> _Activity_
The required answer is a copy of each line in the entries below that includes "Stock".

━━━ Record excerpts

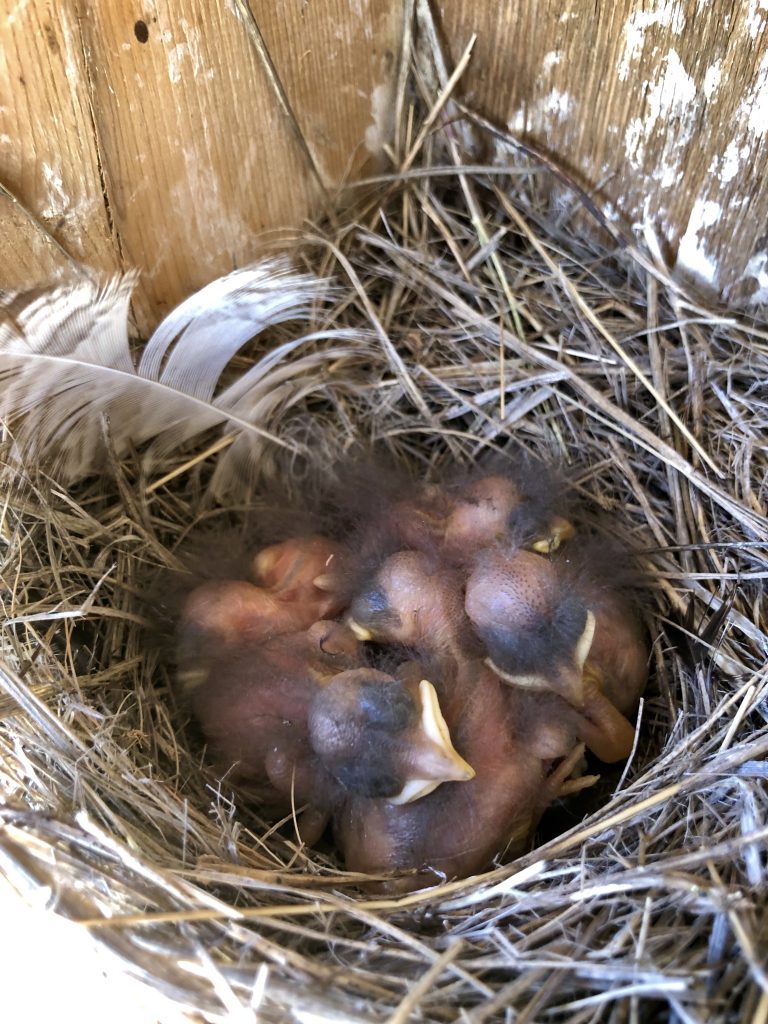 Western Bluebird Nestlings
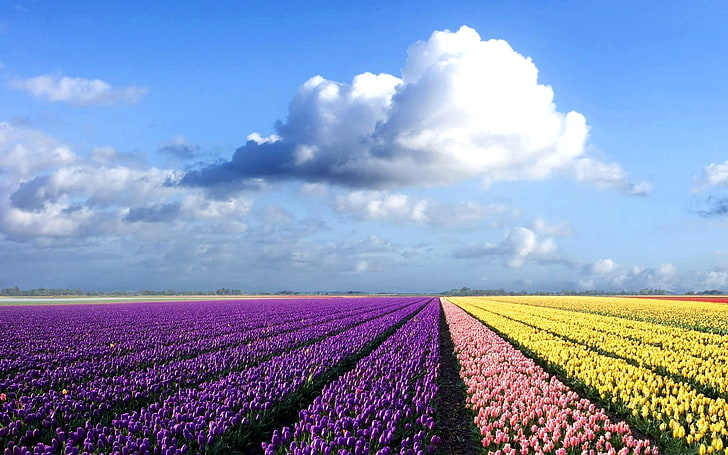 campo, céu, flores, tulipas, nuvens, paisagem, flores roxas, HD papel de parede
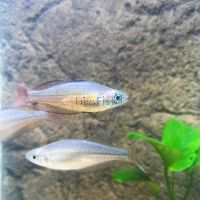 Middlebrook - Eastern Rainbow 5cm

━━━━━━
━━━ Record excerpts

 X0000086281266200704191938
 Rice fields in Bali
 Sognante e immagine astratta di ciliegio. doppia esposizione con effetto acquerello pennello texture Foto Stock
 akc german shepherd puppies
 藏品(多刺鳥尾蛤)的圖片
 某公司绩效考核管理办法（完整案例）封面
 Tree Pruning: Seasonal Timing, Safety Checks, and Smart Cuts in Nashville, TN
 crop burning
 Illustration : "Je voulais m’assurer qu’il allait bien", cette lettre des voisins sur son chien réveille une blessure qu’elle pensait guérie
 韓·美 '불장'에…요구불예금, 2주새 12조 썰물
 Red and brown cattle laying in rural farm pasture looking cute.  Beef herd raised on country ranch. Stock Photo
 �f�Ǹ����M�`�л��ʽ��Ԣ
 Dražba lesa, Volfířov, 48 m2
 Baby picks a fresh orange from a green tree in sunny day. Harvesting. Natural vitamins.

━━━━━━
━━━ Record excerpts

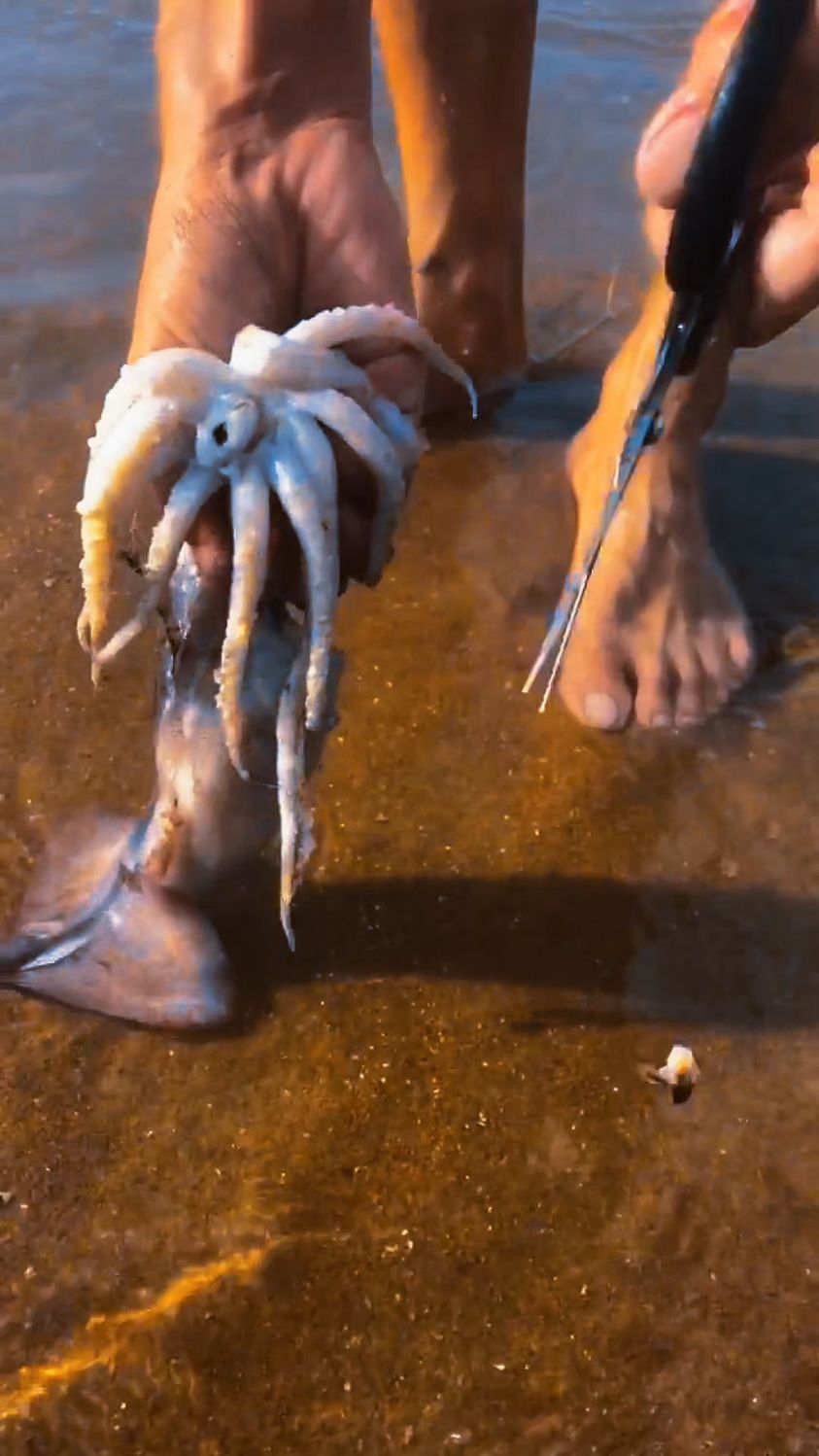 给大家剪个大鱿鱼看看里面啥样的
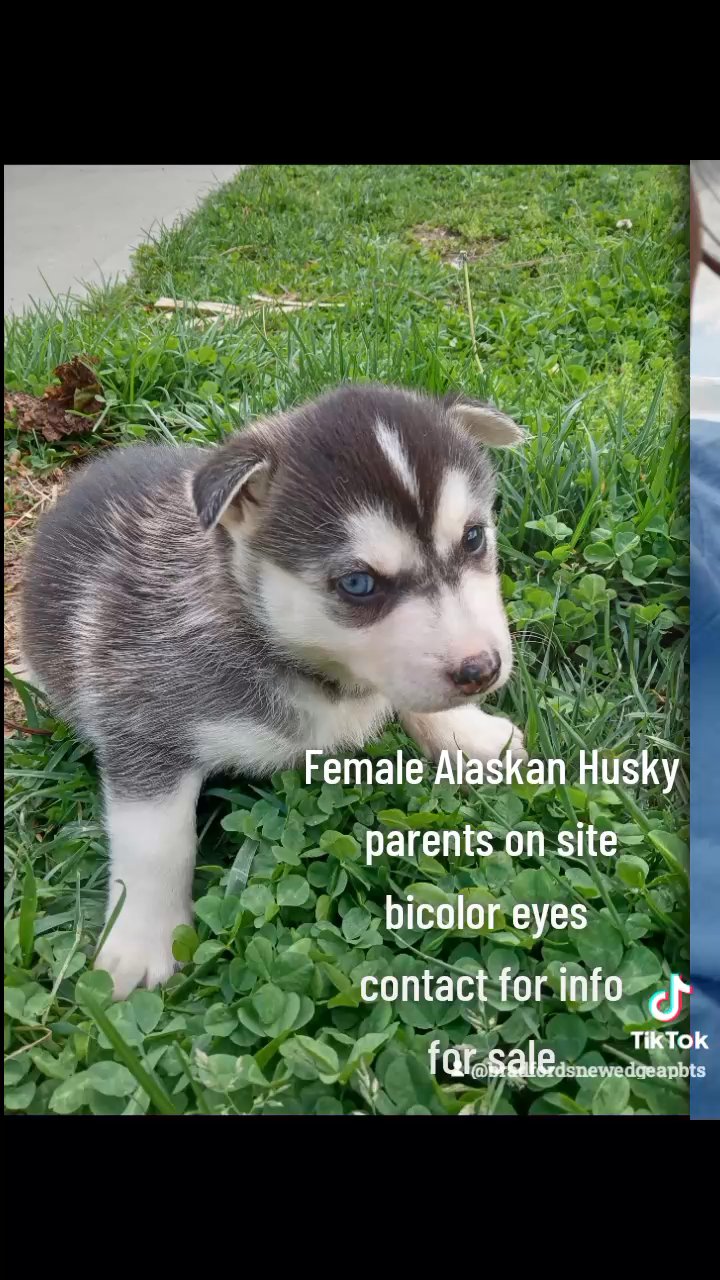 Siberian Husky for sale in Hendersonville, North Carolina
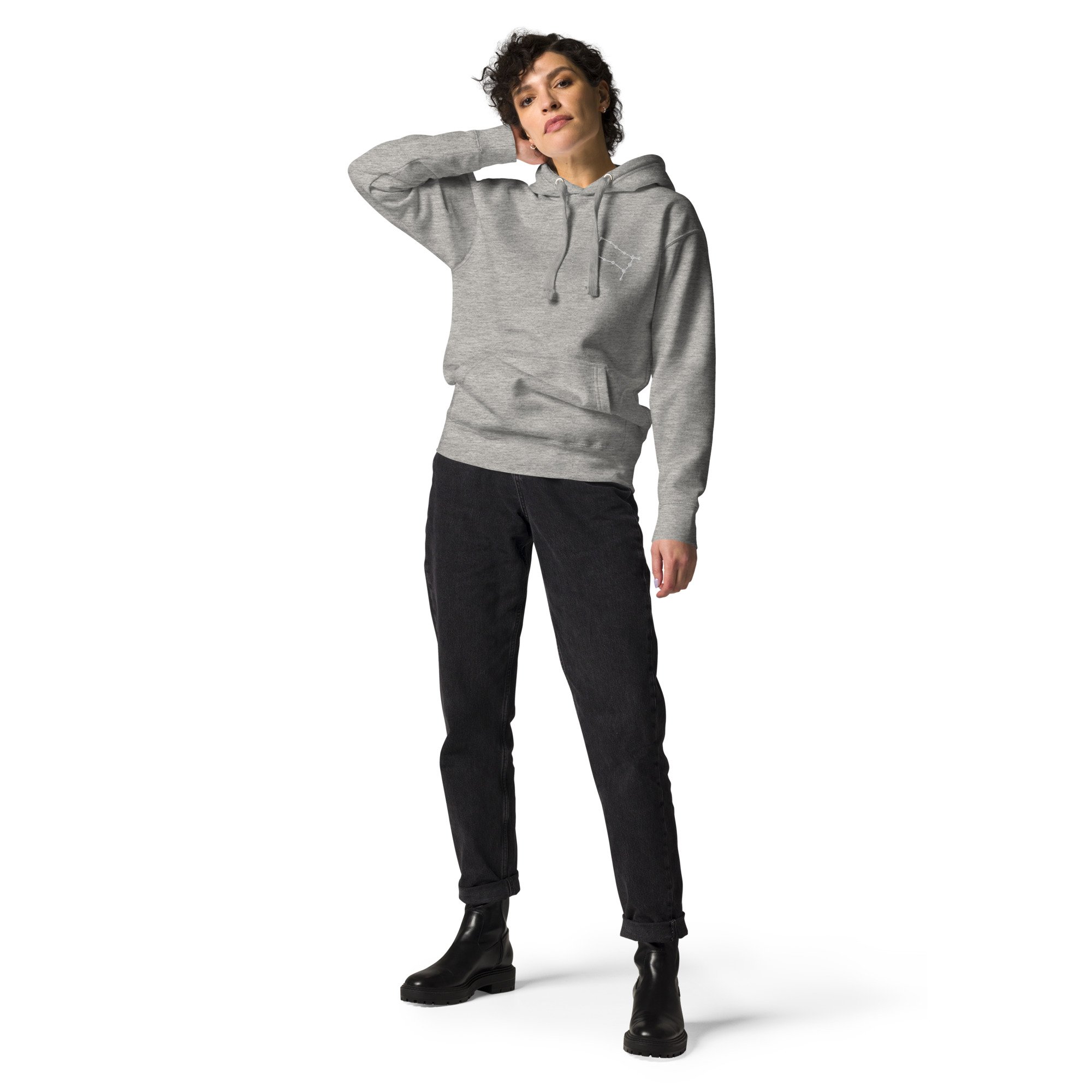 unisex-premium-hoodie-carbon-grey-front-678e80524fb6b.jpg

━━━━━━

> _Task solution_
 Sognante e immagine astratta di ciliegio. doppia esposizione con effetto acquerello pennello texture Foto Stock
 Red and brown cattle laying in rural farm pasture looking cute.  Beef herd raised on country ranch. Stock Photo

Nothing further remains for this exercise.